Sağlık turizmi alanında tesisleri yetkilendirmeye devam ettiklerini vurgulayan Koca, 500 sağlık tesisinin Sağlık Turizmi Yetki Belgesi aldığını söyledi.
Sağlık turizmi ve turistin sağlığı kapsamında sunulan sağlık hizmetleri fiyat tarifesini oluşturduklarını anlatan Koca, sözlerine şöyle devam etti:
"Kültür ve Turizm Bakanlığı ile Ticaret Bakanlığı tarafından sağlık turizmi yetki belgesi alan sağlık tesisleri ve aracı kuruluşlara teşvik verilmesi sağlandı. Uluslararası Sağlık Hizmetleri Anonim Şirketi'nin kuruluş çalışmalarına başladık. Hedef ülkelere ofisler açarak sağlık açısından ülkemizin tanıtımını üstlenip, ülkemize hasta transferini kolaylaştırıcı tüm önlemleri alacağız. Diğer ülkelerin sosyal güvenlik kurumları ve özel sigorta şirketleri ile yapılacak sözleşmelerle sağlık turizmini destekleyeceğiz.

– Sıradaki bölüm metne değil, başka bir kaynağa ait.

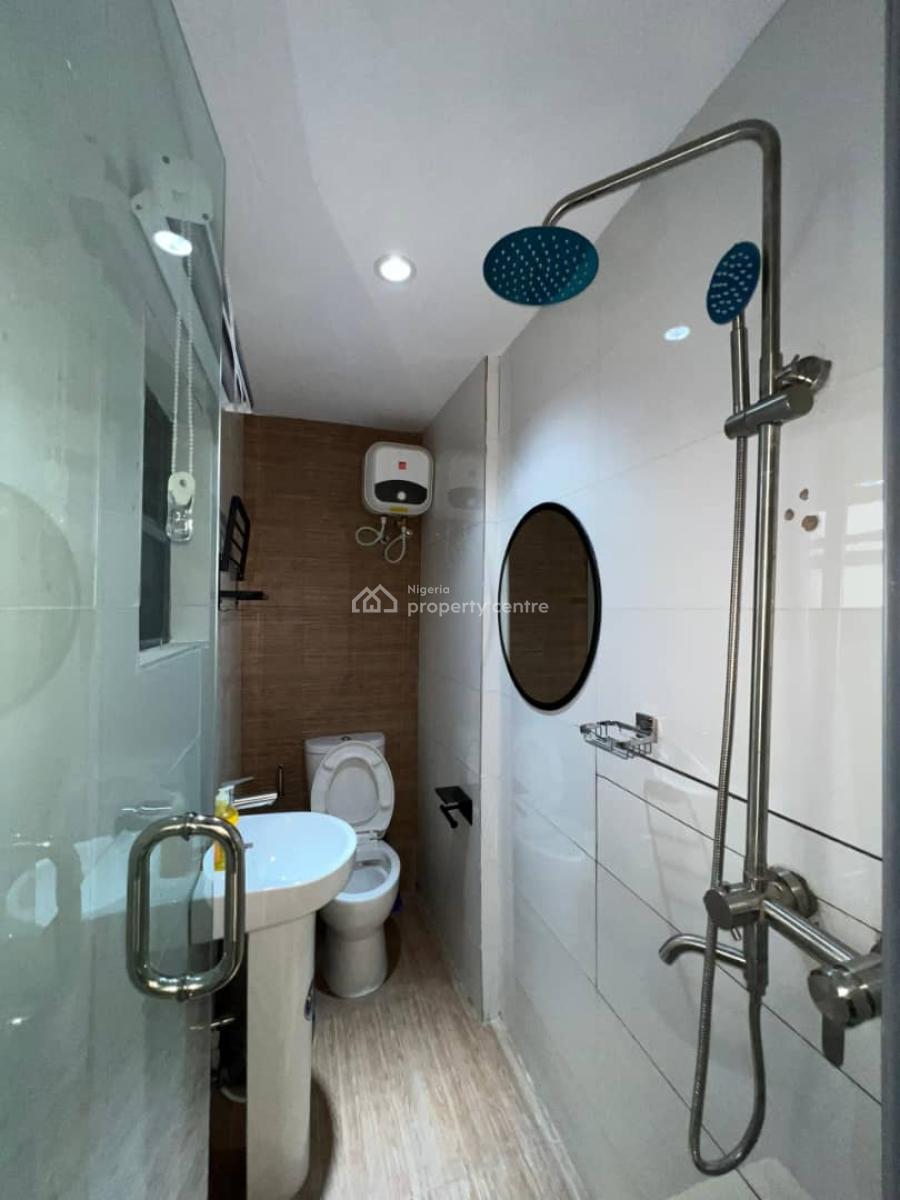 Nicely Furnished 3 Bedroom Apartment, Surulere, Lagos, Flat / Apartment Short Let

Altı dilde 7/24 hizmet veren Uluslararası Hasta Destek Birimi Tercümanlık ve Çağrı Merkezi (UHDB) açtık. Üniversite, devlet veya özel hastane ayrımı yapmaksızın ülkemizdeki tüm sağlık hizmetlerini dünyanın her yerinden, tek bir portal üzerinden erişilebilir ve ulaşılabilir hale getiriyoruz.

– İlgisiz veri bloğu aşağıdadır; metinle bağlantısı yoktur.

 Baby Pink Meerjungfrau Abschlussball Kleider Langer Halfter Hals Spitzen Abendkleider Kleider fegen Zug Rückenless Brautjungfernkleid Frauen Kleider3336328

Sağlık turizmi açısından büyük öneme sahip termal kaynaklara sahibiz. Bu kaynaklarla birlikte fizik tedavi ve rehabilitasyon ve yaşlı bakım hizmetleri konusunda Dünya’da önemli bir konuma geleceğimizi düşünüyoruz. Bu amaçla gerekli mevzuat ve bilişim altyapılarını geliştiriyoruz."

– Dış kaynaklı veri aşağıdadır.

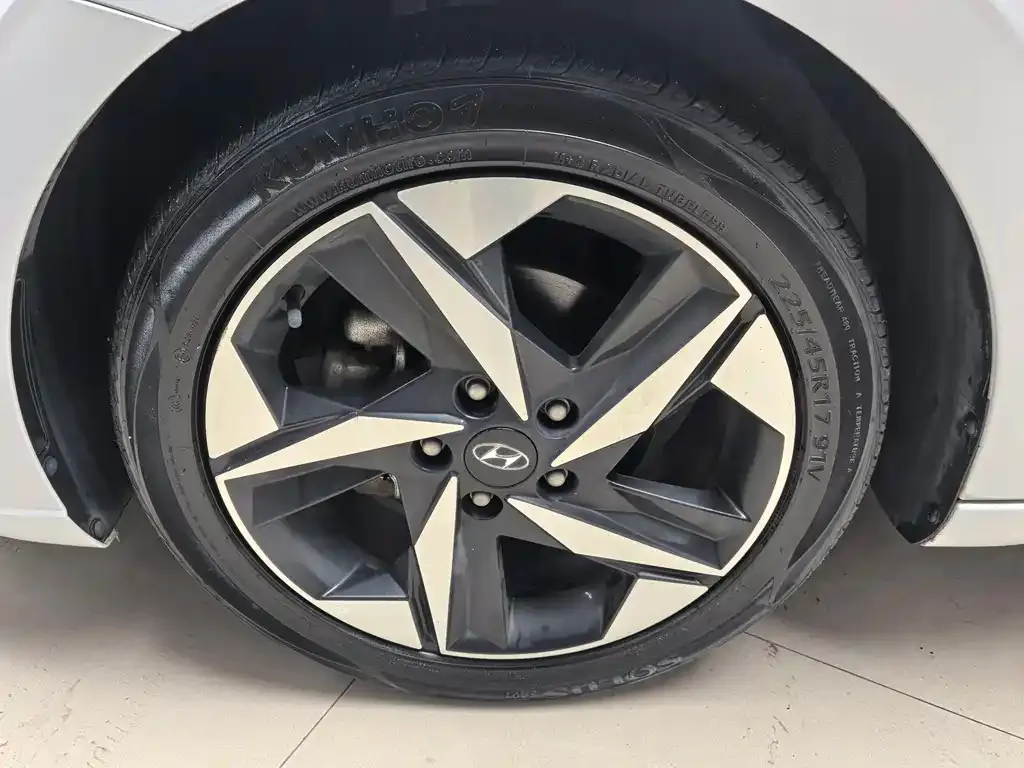 Hyundai Elantra 2022 из CN, фото 4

Koca, sağlık turizminde 2023 yılı hedefleri doğrultusunda 1 milyon 500 bin sağlık turistine Türkiye'de sağlık hizmeti sunulmasını amaçladıklarını bildirerek, "10 milyar dolar Medikal turizmi geliri elde etmek, sağlık turizminde dünyada ilk sıralarda yer almak, sağlık turizmi alanında ülkemizi marka haline getirmektir." diye konuştu.
Sağlık Bakanlığı merkez ve taşra teşkilatının yanı sıra, bağlı ve ilgili kuruluşlarının 2019 yılı bütçesi hakkında bilgi veren Koca, "Merkezi Yönetim Bütçemiz içinde bulunduğumuz 2018 yılı için 37 milyar 914 milyon TL iken, 2019 için yüzde 28,7 artışla 48 milyar 783 milyon TL olarak planlanmaktadır. Bakanlığımızın ve bağlı kuruluşlarımızın toplam bütçe dağılımına bakacak olursak, döner sermaye bütçesi dahil Sağlık Bakanlığı 96 milyar 137 milyon, bağlı ve ilgili kuruluşlar olan Türkiye Hudut ve Sahiller Sağlık Genel Müdürlüğünün 139 milyon, Türkiye İlaç ve Tıbbi Cihaz Kurumunun 157 milyon, Türkiye Sağlık Enstitüleri Başkanlığının 50 milyon TL olarak planlandığını görmekteyiz." ifadesini kullandı.